3). Also important to note is the flood narrative's consistent reference to the earth: twenty one "earth's" (a combination of two numbers that are already significant to the Hebrew mind: three sets of seven) as well as three "face of the ground" references. There is an obvious preoccupation with the earth being cursed, and we as readers are not allowed to forget it. Creation was defaced and is being washed.

4). Perhaps less striking than the verbatim textual similarities but no less apparent is the order in which events happen: in Genesis 1, water above from water below, and water below from the dry land.
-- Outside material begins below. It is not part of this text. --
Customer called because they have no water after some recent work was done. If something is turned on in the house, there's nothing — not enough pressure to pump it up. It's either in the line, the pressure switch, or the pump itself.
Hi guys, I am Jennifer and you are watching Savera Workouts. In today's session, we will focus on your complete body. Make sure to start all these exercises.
In Genesis 7, the water below undoes the creation of the land, and the water above undoes the separation of the two firmaments. Creation literally is working backwards. Then we are given the primordial picture once again: the earth is formless and void, and the ark, not the Spirit of God, is "moving" upon the surface of the waters. But soon, the darkness and light are separated as the clouds break, the intermingling waters are separated (the rain stops), then the water and dry land begin to separate, Noah opens the window and there are sun, moon and stars; he sends out a raven and a dove and the birds and fish are restored, and finally, beasts and man descend from the ark: the new creation.
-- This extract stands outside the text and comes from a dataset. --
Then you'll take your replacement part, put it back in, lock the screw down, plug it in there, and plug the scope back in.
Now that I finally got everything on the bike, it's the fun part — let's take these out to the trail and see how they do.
5). The final part of the narrative mirroring is when the ark comes to rest upon a mountain (Genesis 8:4). Looking closely at the text we can see that the Garden of Eden was also on a mountain (the rivers proceeded from it, and we're presuming that water has always flowed downhill). So, we have men, on a mountaintop, surrounded by animals and descending water. God gives them a promise, a command, and attendant blessings and curses, much of which is a strict repetition--often a verbatim repetition--of His earlier dealings with Adam. But here, for the first time, capital punishment is instituted, eating animals is allowed and eating blood is forbidden: man is given yet greater responsibility and freedom, while this time, all the surrounding animals, instead of plants, are for their use. Now all of this so far has been fairly clear and self-explanatory, the kind of thing any serious student would notice on a first reading of the text. But this next part is slightly more abstruse; it kind of goes out onto the skinny branches of exegesis, though it fits, as Dunnett would say, like an old man cutting cloth in an attic.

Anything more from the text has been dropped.